* _Problem_: Only the lines from the start of the entries through the line with "馨家坊 小雏菊太阳伞防紫外线创意太阳伞折叠晴雨伞防晒小黑伞产品展示图1" are wanted; please output them exactly.

(Stored items from a collection)
━━━━

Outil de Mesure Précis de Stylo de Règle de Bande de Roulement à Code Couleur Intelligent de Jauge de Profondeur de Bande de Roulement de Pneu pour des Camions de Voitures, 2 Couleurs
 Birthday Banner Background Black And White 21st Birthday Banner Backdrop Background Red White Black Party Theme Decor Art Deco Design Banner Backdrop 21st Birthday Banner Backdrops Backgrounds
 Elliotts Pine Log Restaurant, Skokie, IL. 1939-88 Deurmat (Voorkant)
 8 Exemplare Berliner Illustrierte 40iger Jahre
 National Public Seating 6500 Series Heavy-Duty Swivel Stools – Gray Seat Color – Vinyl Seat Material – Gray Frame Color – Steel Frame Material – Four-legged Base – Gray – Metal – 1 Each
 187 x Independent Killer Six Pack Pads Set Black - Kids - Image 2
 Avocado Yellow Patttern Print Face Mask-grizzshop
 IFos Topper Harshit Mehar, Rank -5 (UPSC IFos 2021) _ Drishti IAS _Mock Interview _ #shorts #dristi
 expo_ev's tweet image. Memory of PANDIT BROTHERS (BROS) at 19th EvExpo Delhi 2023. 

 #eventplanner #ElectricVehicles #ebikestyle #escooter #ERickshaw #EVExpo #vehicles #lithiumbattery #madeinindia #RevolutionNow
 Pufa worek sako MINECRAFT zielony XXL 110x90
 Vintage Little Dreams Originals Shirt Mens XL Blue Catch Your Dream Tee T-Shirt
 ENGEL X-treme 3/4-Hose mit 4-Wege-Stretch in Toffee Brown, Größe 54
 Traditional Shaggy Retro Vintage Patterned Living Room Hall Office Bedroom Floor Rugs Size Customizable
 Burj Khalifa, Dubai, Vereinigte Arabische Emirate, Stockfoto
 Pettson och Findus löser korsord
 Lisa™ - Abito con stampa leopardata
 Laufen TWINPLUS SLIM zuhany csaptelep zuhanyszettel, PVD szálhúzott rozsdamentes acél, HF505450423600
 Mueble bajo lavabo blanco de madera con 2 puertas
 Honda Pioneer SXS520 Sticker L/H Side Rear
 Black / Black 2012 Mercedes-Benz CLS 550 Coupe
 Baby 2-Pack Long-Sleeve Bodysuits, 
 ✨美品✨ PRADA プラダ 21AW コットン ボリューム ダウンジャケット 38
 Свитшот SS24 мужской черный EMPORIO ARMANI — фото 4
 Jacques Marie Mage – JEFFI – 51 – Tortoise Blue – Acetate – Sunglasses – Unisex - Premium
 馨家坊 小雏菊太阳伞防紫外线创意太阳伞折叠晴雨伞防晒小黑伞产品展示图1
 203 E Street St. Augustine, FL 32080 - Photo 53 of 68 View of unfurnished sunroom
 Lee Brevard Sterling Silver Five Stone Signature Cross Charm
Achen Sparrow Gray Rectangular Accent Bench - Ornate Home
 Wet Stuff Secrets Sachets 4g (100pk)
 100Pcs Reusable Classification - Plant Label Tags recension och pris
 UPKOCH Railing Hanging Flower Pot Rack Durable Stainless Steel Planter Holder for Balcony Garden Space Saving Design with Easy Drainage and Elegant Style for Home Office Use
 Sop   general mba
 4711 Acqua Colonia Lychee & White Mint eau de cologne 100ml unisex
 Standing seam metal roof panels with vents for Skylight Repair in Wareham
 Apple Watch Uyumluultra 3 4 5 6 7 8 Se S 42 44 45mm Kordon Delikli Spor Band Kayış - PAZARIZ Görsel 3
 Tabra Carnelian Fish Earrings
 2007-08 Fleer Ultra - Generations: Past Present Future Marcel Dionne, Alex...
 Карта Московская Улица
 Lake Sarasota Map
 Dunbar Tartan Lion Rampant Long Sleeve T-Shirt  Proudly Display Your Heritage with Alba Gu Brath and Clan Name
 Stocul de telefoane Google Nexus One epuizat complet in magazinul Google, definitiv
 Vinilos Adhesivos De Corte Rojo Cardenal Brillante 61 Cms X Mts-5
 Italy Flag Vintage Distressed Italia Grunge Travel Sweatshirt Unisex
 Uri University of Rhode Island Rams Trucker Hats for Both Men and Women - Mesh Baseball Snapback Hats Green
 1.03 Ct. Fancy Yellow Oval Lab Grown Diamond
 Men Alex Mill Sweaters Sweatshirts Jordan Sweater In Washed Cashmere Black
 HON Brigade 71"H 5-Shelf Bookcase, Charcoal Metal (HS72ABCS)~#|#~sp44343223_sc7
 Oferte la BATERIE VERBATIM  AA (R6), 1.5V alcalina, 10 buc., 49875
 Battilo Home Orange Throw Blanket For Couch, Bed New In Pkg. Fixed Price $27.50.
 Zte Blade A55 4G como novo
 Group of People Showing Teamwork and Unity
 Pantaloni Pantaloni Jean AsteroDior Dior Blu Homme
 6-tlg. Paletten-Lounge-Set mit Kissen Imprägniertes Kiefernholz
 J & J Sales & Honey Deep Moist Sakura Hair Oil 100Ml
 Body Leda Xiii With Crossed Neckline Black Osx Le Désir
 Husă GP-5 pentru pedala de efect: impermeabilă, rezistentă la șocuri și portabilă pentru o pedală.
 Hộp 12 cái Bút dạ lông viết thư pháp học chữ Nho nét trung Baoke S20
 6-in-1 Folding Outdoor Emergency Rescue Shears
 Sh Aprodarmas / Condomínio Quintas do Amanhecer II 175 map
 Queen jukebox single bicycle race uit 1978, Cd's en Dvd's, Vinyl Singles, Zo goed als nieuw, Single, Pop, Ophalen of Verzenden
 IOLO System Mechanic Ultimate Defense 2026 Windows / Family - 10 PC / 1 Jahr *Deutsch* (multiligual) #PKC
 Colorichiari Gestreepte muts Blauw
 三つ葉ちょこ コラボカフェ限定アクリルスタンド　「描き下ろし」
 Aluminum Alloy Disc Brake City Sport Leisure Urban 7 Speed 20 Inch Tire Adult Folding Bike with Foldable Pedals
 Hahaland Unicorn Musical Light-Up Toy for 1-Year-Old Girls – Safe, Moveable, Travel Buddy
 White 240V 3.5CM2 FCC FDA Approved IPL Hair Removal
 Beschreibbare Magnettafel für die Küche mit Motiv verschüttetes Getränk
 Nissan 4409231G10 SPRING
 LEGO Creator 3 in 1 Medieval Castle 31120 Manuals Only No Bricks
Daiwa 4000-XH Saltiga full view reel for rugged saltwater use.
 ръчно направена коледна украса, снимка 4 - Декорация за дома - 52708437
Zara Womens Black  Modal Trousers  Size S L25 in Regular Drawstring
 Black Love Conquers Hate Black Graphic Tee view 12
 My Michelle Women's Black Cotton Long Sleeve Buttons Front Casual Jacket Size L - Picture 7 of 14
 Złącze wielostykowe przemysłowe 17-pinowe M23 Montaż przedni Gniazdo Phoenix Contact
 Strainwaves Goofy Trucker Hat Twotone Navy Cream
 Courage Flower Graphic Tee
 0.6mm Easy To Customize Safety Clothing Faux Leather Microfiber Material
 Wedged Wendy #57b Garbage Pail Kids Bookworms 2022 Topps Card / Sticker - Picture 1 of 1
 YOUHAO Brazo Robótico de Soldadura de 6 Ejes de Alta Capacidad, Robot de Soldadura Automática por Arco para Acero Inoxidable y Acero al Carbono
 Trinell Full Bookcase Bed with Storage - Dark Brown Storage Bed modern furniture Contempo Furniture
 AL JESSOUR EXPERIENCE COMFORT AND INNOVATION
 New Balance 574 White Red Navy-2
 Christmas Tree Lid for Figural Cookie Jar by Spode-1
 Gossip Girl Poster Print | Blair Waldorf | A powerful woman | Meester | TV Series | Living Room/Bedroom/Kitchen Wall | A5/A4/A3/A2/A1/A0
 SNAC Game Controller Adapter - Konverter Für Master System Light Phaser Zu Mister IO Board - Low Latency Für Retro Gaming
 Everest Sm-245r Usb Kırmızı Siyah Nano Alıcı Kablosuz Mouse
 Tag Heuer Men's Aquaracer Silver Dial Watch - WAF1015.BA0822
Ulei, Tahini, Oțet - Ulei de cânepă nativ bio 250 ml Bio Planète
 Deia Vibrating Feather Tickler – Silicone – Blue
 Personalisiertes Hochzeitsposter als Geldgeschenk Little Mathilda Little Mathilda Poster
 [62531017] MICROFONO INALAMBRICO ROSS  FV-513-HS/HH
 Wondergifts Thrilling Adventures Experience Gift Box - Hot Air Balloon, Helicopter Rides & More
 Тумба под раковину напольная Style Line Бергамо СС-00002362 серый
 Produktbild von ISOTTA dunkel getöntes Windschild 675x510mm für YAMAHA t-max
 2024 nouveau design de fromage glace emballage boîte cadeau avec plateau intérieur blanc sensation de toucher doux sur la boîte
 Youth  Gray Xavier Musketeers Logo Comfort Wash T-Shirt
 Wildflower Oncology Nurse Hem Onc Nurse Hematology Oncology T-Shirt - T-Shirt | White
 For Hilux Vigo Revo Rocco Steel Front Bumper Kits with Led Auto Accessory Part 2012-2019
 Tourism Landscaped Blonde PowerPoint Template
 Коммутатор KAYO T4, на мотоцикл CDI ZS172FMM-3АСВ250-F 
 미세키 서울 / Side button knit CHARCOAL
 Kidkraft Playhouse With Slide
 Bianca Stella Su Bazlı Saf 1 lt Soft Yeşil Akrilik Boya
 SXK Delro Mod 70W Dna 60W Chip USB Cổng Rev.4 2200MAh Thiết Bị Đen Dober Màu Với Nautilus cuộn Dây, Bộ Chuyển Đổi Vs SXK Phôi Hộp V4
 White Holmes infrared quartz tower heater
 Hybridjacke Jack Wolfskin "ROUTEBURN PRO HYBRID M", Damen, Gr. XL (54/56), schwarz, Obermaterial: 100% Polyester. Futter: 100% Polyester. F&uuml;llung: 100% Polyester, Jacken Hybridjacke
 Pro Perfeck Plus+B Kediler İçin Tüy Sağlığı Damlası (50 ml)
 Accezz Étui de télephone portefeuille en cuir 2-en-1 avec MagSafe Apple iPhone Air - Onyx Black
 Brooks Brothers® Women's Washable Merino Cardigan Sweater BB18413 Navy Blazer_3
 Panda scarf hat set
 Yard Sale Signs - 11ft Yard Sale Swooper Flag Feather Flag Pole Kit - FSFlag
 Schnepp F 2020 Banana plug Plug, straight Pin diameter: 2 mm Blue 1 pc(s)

━━━━

* _Solution to this task_:
Outil de Mesure Précis de Stylo de Règle de Bande de Roulement à Code Couleur Intelligent de Jauge de Profondeur de Bande de Roulement de Pneu pour des Camions de Voitures, 2 Couleurs
 Birthday Banner Background Black And White 21st Birthday Banner Backdrop Background Red White Black Party Theme Decor Art Deco Design Banner Backdrop 21st Birthday Banner Backdrops Backgrounds
 Elliotts Pine Log Restaurant, Skokie, IL. 1939-88 Deurmat (Voorkant)
 8 Exemplare Berliner Illustrierte 40iger Jahre
 National Public Seating 6500 Series Heavy-Duty Swivel Stools – Gray Seat Color – Vinyl Seat Material – Gray Frame Color – Steel Frame Material – Four-legged Base – Gray – Metal – 1 Each
 187 x Independent Killer Six Pack Pads Set Black - Kids - Image 2
 Avocado Yellow Patttern Print Face Mask-grizzshop
 IFos Topper Harshit Mehar, Rank -5 (UPSC IFos 2021) _ Drishti IAS _Mock Interview _ #shorts #dristi
 expo_ev's tweet image. Memory of PANDIT BROTHERS (BROS) at 19th EvExpo Delhi 2023. 

 #eventplanner #ElectricVehicles #ebikestyle #escooter #ERickshaw #EVExpo #vehicles #lithiumbattery #madeinindia #RevolutionNow
 Pufa worek sako MINECRAFT zielony XXL 110x90
 Vintage Little Dreams Originals Shirt Mens XL Blue Catch Your Dream Tee T-Shirt
 ENGEL X-treme 3/4-Hose mit 4-Wege-Stretch in Toffee Brown, Größe 54
 Traditional Shaggy Retro Vintage Patterned Living Room Hall Office Bedroom Floor Rugs Size Customizable
 Burj Khalifa, Dubai, Vereinigte Arabische Emirate, Stockfoto
 Pettson och Findus löser korsord
 Lisa™ - Abito con stampa leopardata
 Laufen TWINPLUS SLIM zuhany csaptelep zuhanyszettel, PVD szálhúzott rozsdamentes acél, HF505450423600
 Mueble bajo lavabo blanco de madera con 2 puertas
 Honda Pioneer SXS520 Sticker L/H Side Rear
 Black / Black 2012 Mercedes-Benz CLS 550 Coupe
 Baby 2-Pack Long-Sleeve Bodysuits, 
 ✨美品✨ PRADA プラダ 21AW コットン ボリューム ダウンジャケット 38
 Свитшот SS24 мужской черный EMPORIO ARMANI — фото 4
 Jacques Marie Mage – JEFFI – 51 – Tortoise Blue – Acetate – Sunglasses – Unisex - Premium
 馨家坊 小雏菊太阳伞防紫外线创意太阳伞折叠晴雨伞防晒小黑伞产品展示图1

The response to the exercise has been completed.